La proposition de la Commission Européenne sur le changement d'affectation du sol indirect

Étude/Synthèse/Article
Langue(s) : Anglais
Thématiques : Climat et énergie

Cette note de l'IEEP analyse la récente proposition législative de la Commission européenne (voir brève du 24/10/12) sur la prise en compte du changement d'affectation des sols indirect (effet CASI) dans la politique énergétique de l'UE. L'utilisation d'agrocarburants s'est accrue en Europe en réponse aux objectifs fixés par Bruxelles, soit pour le secteur des transports 10 % d'énergies renouvelables d'ici à 2020. L'effet CASI sur les émissions de gaz à effet de serre (GES) a cependant été occulté.

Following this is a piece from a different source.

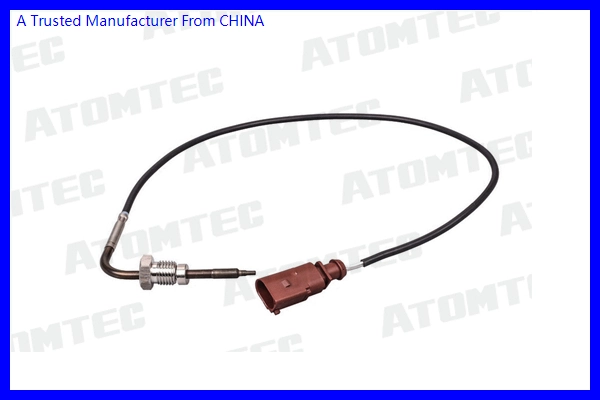 ATOMTEC Érzékelő, kipufogógáz-hőmérséklet - EGT1A012 - TothCarparts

Avec un retard de deux ans, la Commission Européenne a finalement fait une proposition le 17 octobre 2012 pour prendre en compte les facteurs de CASI et amender les directives sur les énergies renouvelables (ENR) et sur la qualité des carburants (DQC). La mise en culture d'agrocarburants provoque le déplacement de cultures antérieures qui remplacent elles-mêmes d’autres couvertures comme des forêts, et la réduction des émissions de GES par rapport à l'utilisation d'énergie fossile n'est donc pas assurée.

Une version provisoire a circulé officieusement à la mi-septembre et les groupes agro-industriels ont fait un gros travail de lobbying durant les quelques semaines précédant la publication officielle. La conséquence la plus importante de ces pressions est l'abandon des facteurs CASI dans les calculs sur la durabilité des agrocarburants (une des conditions à remplir est la réduction des émissions de GES par rapport aux carburants fossiles d'au moins 35%). Les facteurs CASI seront bien estimés mais il n'en résultera aucune obligation pour les Etats membres. Il y a une contradiction entre la reconnaissance par la Commission des facteurs CASI et l'absence de prise en compte effective.

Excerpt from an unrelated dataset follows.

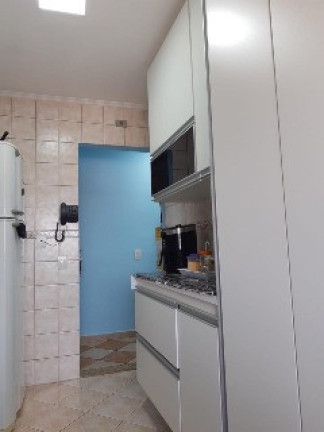 Imagem Apartamento com 3 Quartos à Venda, 66 m² em Jardim Botucatu - São Paulo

La plus grande modification est la limitation à 5 % des agrocarburants produits à partir de plantes alimentaires (céréales, sucre, etc.) dans l'atteinte de l'objectif fixé par la directive ENR de 10 % d'énergies renouvelables dans le secteur des transports à l'horizon 2020. Cela reflète la reconnaissance par la Commission des effets des agrocarburants classiques sur les marchés agricoles et les prix alimentaires. Mais la production d'agrocarburants à partir de plantes non alimentaires (telles le jatropha) ne règle pas réellement le problème car elle nécessite tout autant de terres arables avec les effets CASI, la pression foncière et les effets sur les prix qui en découlent.

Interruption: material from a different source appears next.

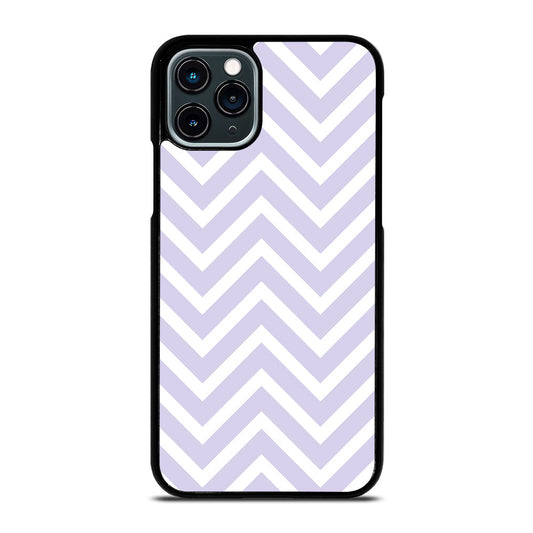 OMBRE PASTEL CHEVRON 2 iPhone 11 Pro Case Cover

Cette limitation est toutefois lourde de conséquence pour les Etats membres de l'UE qui ont déjà dépassé les 5 % (Autriche, France, Allemagne, Pologne, Slovaquie, Suède). Les niveaux de production actuels sont importants pour comprendre les futures négociations au sein du Conseil.

L'objectif fixé par la directive DQC sur la qualité des carburants, c'est-à-dire la réduction des émissions de GES des carburants de 6 % d'ici 2020, demeure inchangé. Or, limiter à 5 % les agrocarburants issus de plantes alimentaires va rendre très difficile l'atteinte de cet objectif sans une augmentation massive de la production d'agrocarburants de seconde génération. La consommation d'agrocarburants dans les transports va ainsi certainement largement dépasser les 5 % dans la plupart des Etats membres à cause cet objectif DQC.

Pour encourager l'utilisation des agrocarburants issus des déchets et des résidus de récolte, la Commission propose des facteurs multiplicateurs de 2 ou 3 pour comptabiliser leur valeur énergétique. Ce sont des agrocarburants ayant peu d'effets CASI et il est a priori souhaitable de leur donner la priorité. Ces incitations posent tout de même de nombreuses questions sur les effets induits de la réorientation des déchets et résidus vers la chaîne de production énergétique. Par exemple la paille pourrait devenir une source d'énergie importante en Europe mais une partie doit rester sur le sol pour empêcher sa dégradation. Quels garde-fous seront posés aux nouvelles filières économiques créées ?

La proposition provisoire divulguée en septembre proposait d'introduire une nouvelle condition à effet immédiat de réduction minimale de 60 % des émissions de GES pour les unités de production d'agrocarburants. Finalement, cette condition ne s'appliquera qu'aux installations qui rentreront en service après le 1er juillet 2014. Comme le secteur des agrocarburants est actuellement en surcapacité dans l'UE, il n'y a pas de nouvelles infrastructures prévues dans un futur proche et cette nouvelle disposition n'aurait donc pas d'effet important sur le secteur.